> _Your objective_:
The pictures stay out; everything else in the entries below must be returned exactly.

-.-.-

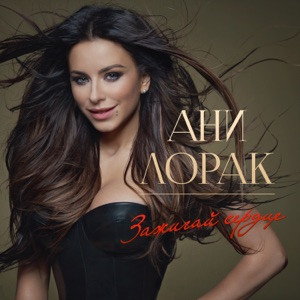RS-AI - Я только для тебя живу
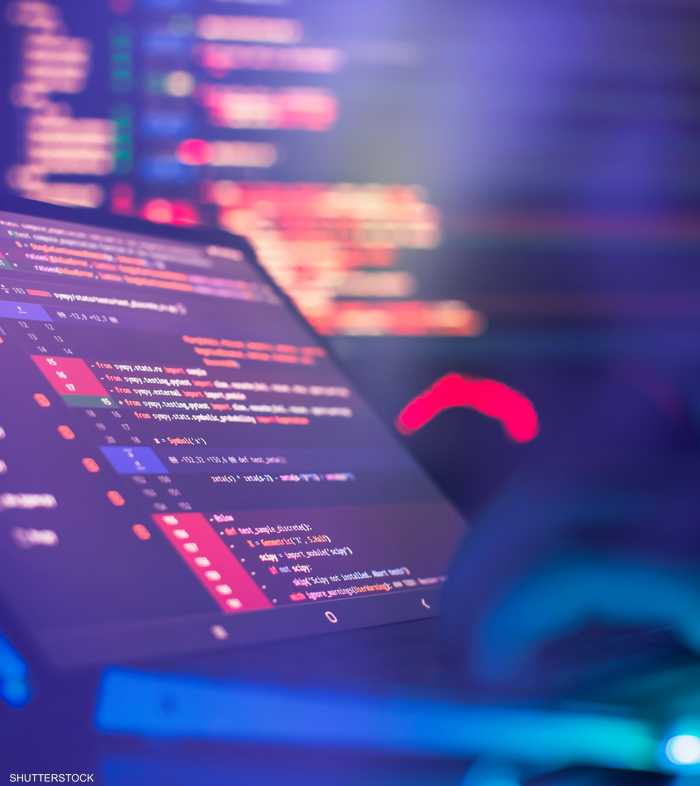 قطاع البرمجيات - تكنولوجيا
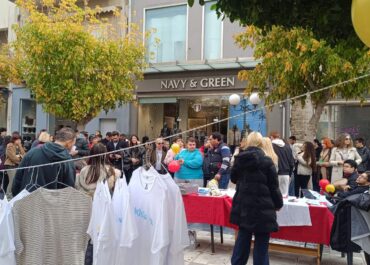 Δήμος Κορινθίων : Η Κόρινθος στο πλευρό των ΑμεΑ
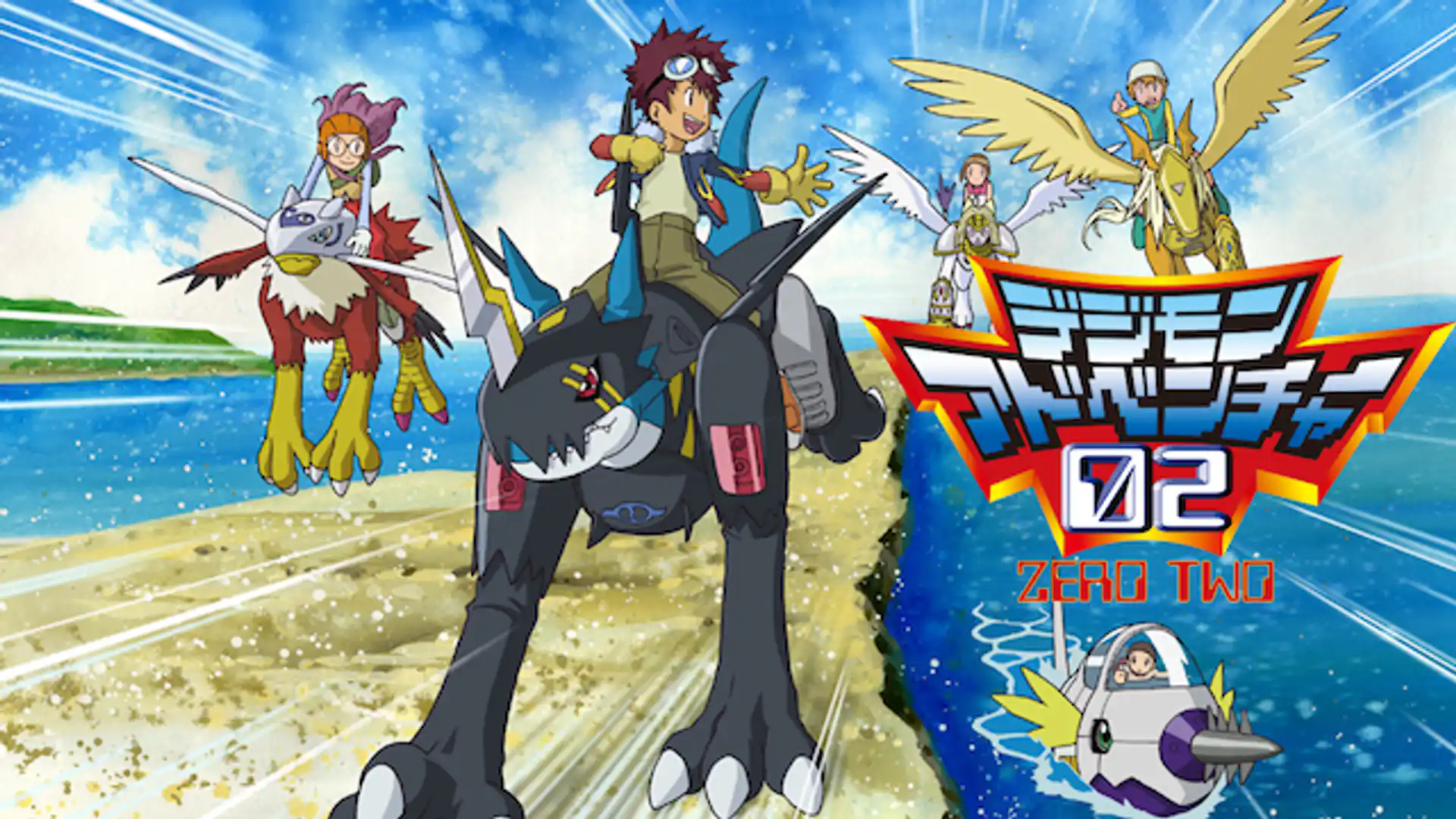 デジモンアドベンチャー02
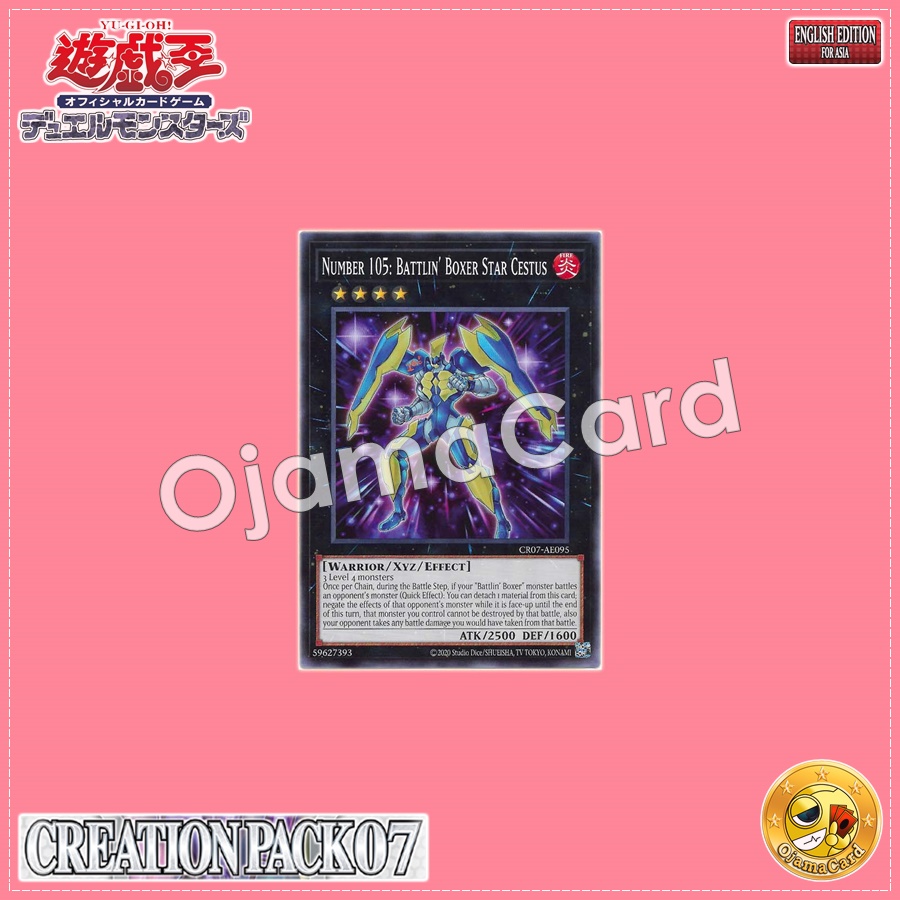 CR07-AE095 : Number 105: Battlin' Boxer Star Cestus / Numbers 105: Burning Knuckler Meteor Cestus (Common)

-.-.-

> _Exercise response_:
RS-AI - Я только для тебя живу
 قطاع البرمجيات - تكنولوجيا
 Δήμος Κορινθίων : Η Κόρινθος στο πλευρό των ΑμεΑ
 デジモンアドベンチャー02
 CR07-AE095 : Number 105: Battlin' Boxer Star Cestus / Numbers 105: Burning Knuckler Meteor Cestus (Common)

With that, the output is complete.